This paper will develop three main themes:

  • An investigation of the cinematic special effects history. It will focus on the special effects technological development from trick films to computer-graphical imagery effects, in the aspects the reality effect history. This paper will emphasis the history of film by focusing on how the special effects have more naturalism. Reality effect naturalism means indiscernibleness from live-action with the support of revolutionary artificial technology.
  • A discourse of the realist film theories response to the special effects development, from classic realism to the theories of new media in accordance to the transformation from modernity to postmodernity. The paper will depict that Kracauer and Bazin’s theories fail to discuss the special effects in this postmodernity era but mainly those in modernity effect. However, the paper, will posit that digital theories of Stephen Prince, Pierson, Bukatman, Manovich provide alternative realism explanation in the postmodernism period.
  • The paper will also focus on sci-fiction films in global context. This will entail the textual analysis of United Kingdom special effects-angled films in an international context.

This paper will argue that the change from modernity to postmodernity is speed up by technology and digital effects. The aesthetics and the film industry of United Kingdom are changing rapidly in the postmodernist globalized environment through digital technology development.

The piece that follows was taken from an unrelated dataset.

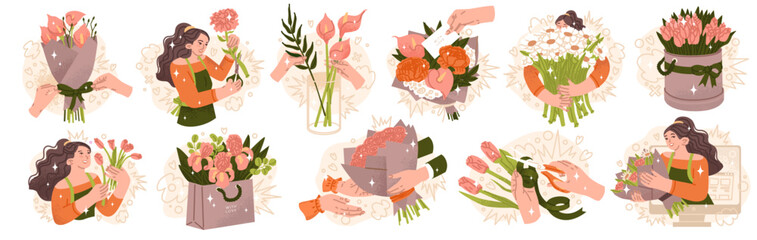 A set of illustrations on the theme of selling flowers. Compositions for a florist shop. Congratulations on the holiday with a bouquet. Online application. Vector illustration - obrazy, fototapety, plakaty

The transition of reality effect in the postmodernity era will be investigated, and it will be demonstrated that transition depicts the socio-cultural realities of United Kingdom today.

It has been observed that the media has progressed with digital advancements and reach many people. The process of direct transmission of written, auditory, and visual information from diverse sources to the less active communities as the mass media subject, human communities can easily access such information only from one source because of the fast technological convergence (Haugstvedt & Krogstie, 2012 p.42). The connectedness that the digital media tools have established in communication and interaction with people has enabled the visuals created with digital tools to fast find place in the film space and be acknowledged by the consumer. Digitization plays an active role in using computer-graphic imagery technology in production of motion picture as a leading factor in the visual culture continuity as the dynamite component of the technology world. In 1990s, when tools of electronic communication advanced rapidly, it has been observed that digital technology has have an impact on all spheres of life (Dong et al., 2022 p.998). Whereas digital technology has transformed mass media, it has led to an increase in number of channels because of using digital technology in visual media (Danesi, 2014 p.875). Digital media industry, a leading audio and visual sector globally, has become a crucial actor of social life among the audience with digital platforms, commercial applications, internet, cinema, and television (Danesi, 2014 p.896). In addition, with software technologies, film animation has transformed and the industry has advanced substantially. Computer-graphic technology coupled with digital development, has found a space in diverse sectors including film-making, entertainment, media and advanced technology as well as television broadcasting, particularly cartoons, sports, competition, and news (Haugstvedt & Krogstie, 2012 p.721). It is evident that the visual aesthetics created by the application of computer-graphic imagery technology in films programs have transformed into a sort of moving and dynamic graphic components instead of the technique of stationary photographic components that underpins realism (Lister, 2013 p.108). Therefore, the priorities triggered by the innovative and creative nature of the graphic technologies, which transform every year and demonstrate development acceleration, have unraveled need for changing to diverse aesthetic views in the film production.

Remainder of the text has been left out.